• Problem to work on: Transcribe only the lines in the data below falling between the line with "Bouddha avec paillettes" and the line with "Vintage Pink Roses", including those two lines, and leave out any picture.

• Extracted data:
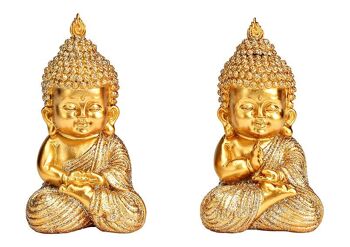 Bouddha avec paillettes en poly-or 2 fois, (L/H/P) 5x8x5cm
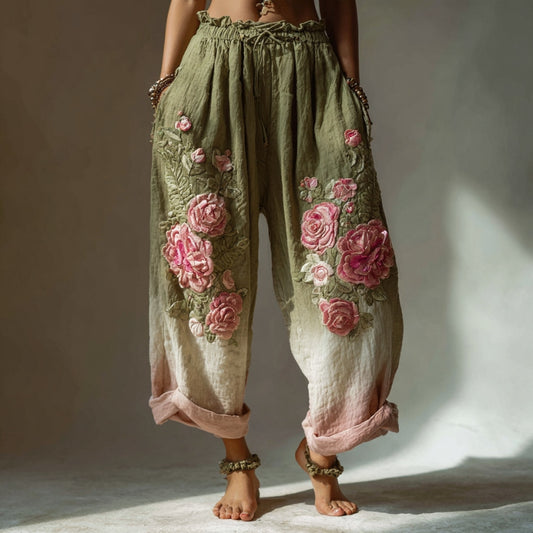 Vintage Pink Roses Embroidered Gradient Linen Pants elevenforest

==

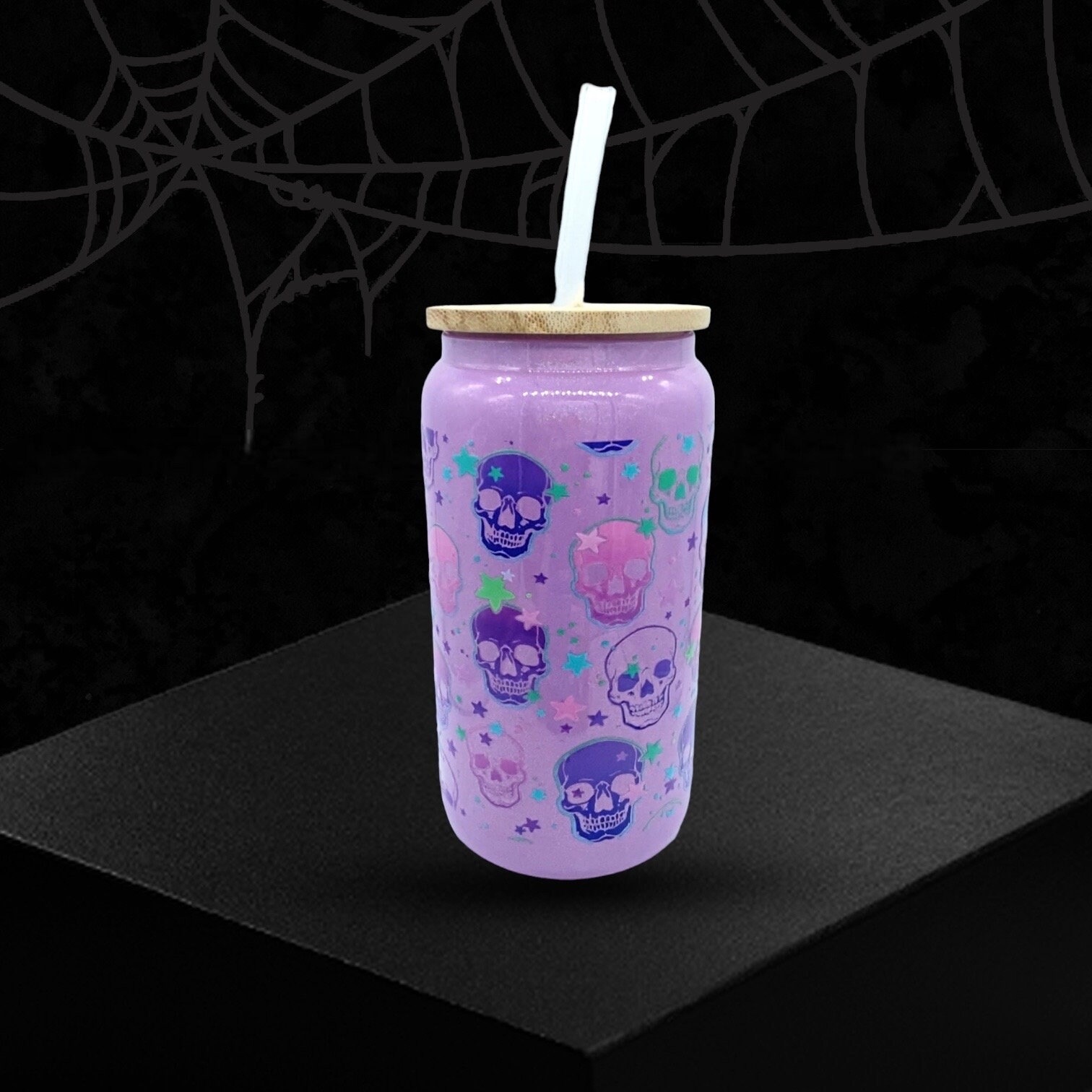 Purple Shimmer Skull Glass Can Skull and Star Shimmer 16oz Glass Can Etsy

• Response for this exercise:
 Bouddha avec paillettes en poly-or 2 fois, (L/H/P) 5x8x5cm
 Vintage Pink Roses Embroidered Gradient Linen Pants elevenforest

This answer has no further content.